Endüstriyel seviyede, mevcut kristalleri eritmenin yanı sıra yeniden kristalleşmeyi geciktiren ve dolayısıyla orta glikoz içerikli ballar için de kullanılabilen daha karmaşık hazırlama teknikleri kullanılır.

İlk olarak, ballar seçilir ve sabit özelliklere sahip olan ve aşırı glikoz içeriği olmayan ürünler elde etmek için karıştırılır. Bal, kısmen sıcak bir odada eritilir, neredeyse tamamen karıştırıldığı ve birleştiği ısıtılmış bir tanka aktarılır, daha sonra süzülür ve daha sonra bir tabaka ısı eşanjörü ile yüksek sıcaklıkta (78 ° C'de pastörizasyon) kısa bir ısıtmaya tabi tutulur. ince. Bu, bir sonraki ile birlikte, mevcut mayaların tahrip edilmesinin yanı sıra yüksek sıcaklıkta ısıtmanın yanı sıra, daha sonra kristalleşmeyi tekrar tetikleyebilecek olan glikozun mikro kristallerini erittiği için işlemin kilit geçişidir. Soğutmadan önce, sıcak bal daha fazla veya daha az "itilmiş" olarak filtre edilebilir. Balda bulunan tüm mikroskobik katı parçacıkları ortadan kaldıran bir filtrasyon, Avrupa ülkelerinde yasaktır, çünkü bunun, baldan kendi değerini belirleyen maddelerin bir kısmını çıkardığı ve aslında coğrafi kökenlerin kontrolünü önlediği ve bal botanik, içinde doğal olarak bulunan mikroskobik elementlerin tanımlanması yoluyla.

Vakumla çalışan bir havalandırma istasyonuna geçiş, yeniden kristalleşme riskini önlemenin yanı sıra, paketlenmiş üründe anestetik köpük bileziğinin oluşumunu ortadan kaldırmaya yardımcı olur. Daha sonra bal, çömlek sıcaklığına (Amerikan "okuluna göre 57 ° C, Townsend, 1975, Avrupa’dan 35 ° C’ye, Gonnet, 1977’ye), yine ince ve istilacı tabaka ısı eşanjörleri ile soğutulur, yıkanmış veya kuru temizlenmiş kaplarda.
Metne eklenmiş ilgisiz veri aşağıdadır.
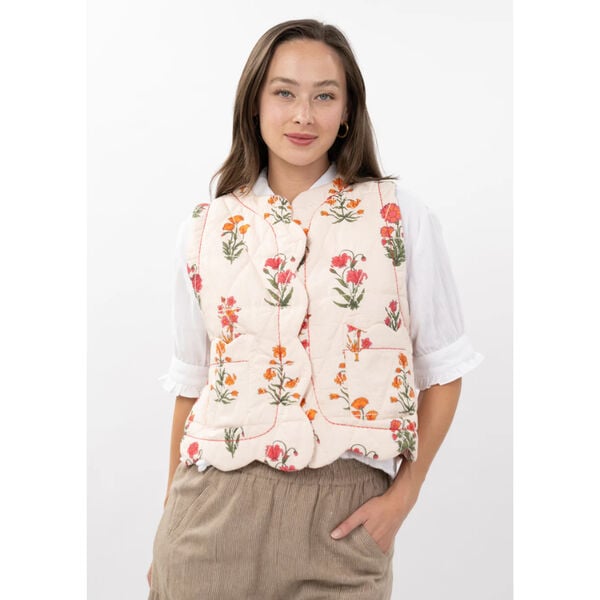 Ivy Jane Quilted Scallop Vest Womens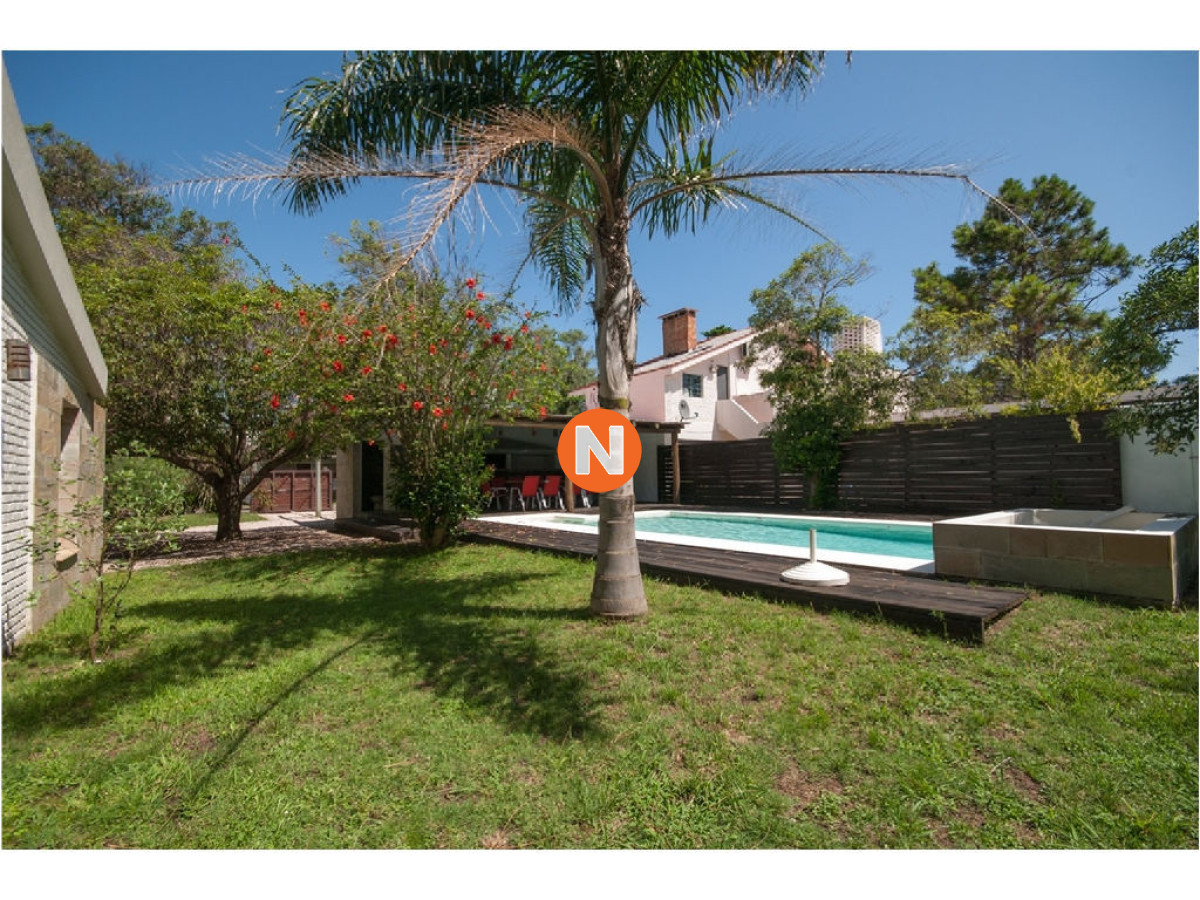 Casa Ref.209956 - Casa en Venta, Mansa, Punta del Este, 4 Dormitorios.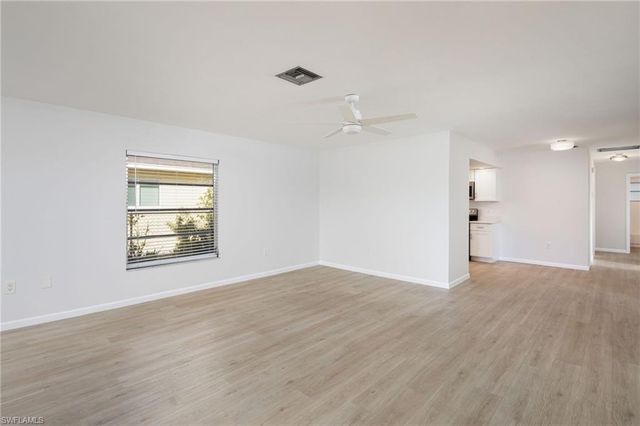 729 103rd AVE N, Naples, FL 34108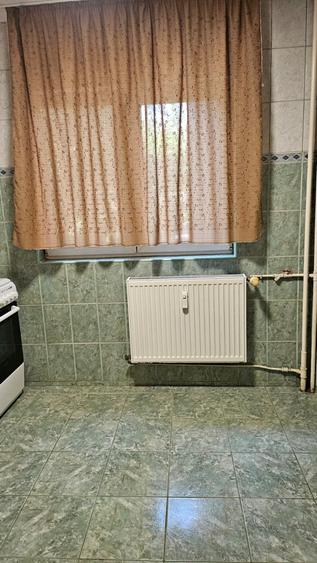 Apartament cu 2 camere decomandat în Drumul Taberei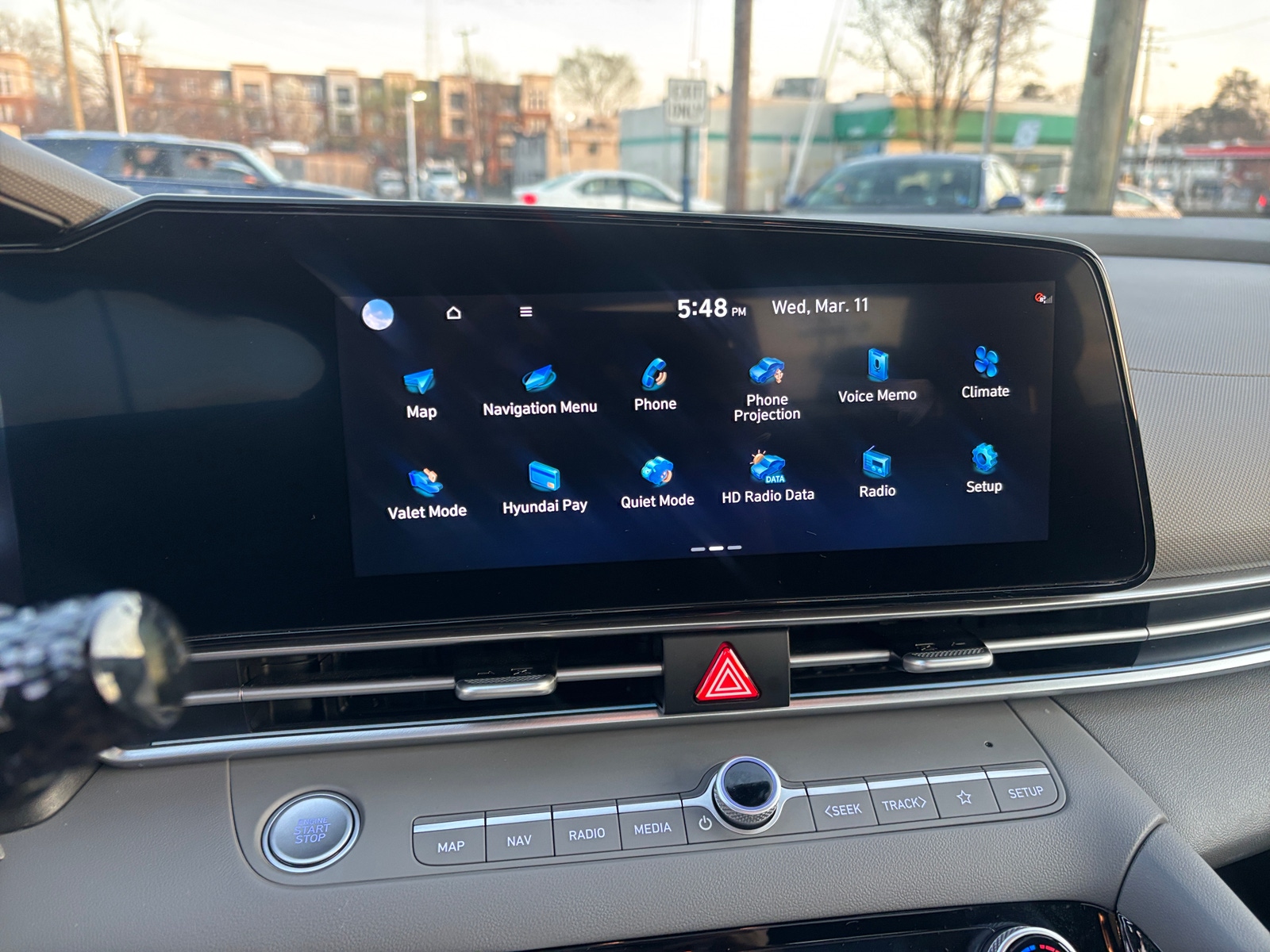 Thumbnail: 2025 Hyundai Elantra - 4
Bazı Amerikalı yazarlara göre, sıvı haldeki ömrünün uzamasına katkıda bulunacak başka bir adım, normal ticari devre üzerine yerleştirilmeden önce, ambalajlanan ürünün hızlı bir şekilde soğutulmasından ve 0 ° C'de 5 hafta boyunca bunun korunmasından ibarettir. Bu tür bir muamele ile bile, sonuçlar sıvı halde koruma açısından değişkendir, ancak daha sabit ve uzun sürelidir. İşlemin kritik geçişi, pastörizasyonu takip eden fazlarla temsil edilir: tüm hareketler (karıştırma, türbülans, kayma, titreşimler) veya sıvı ürünün maruz kaldığı tüm hareketler (istilacıdaki sürtünme, havanın dahil edilmesi, saksıların tozu) kristalleşmeyi yeniden tetikleyin.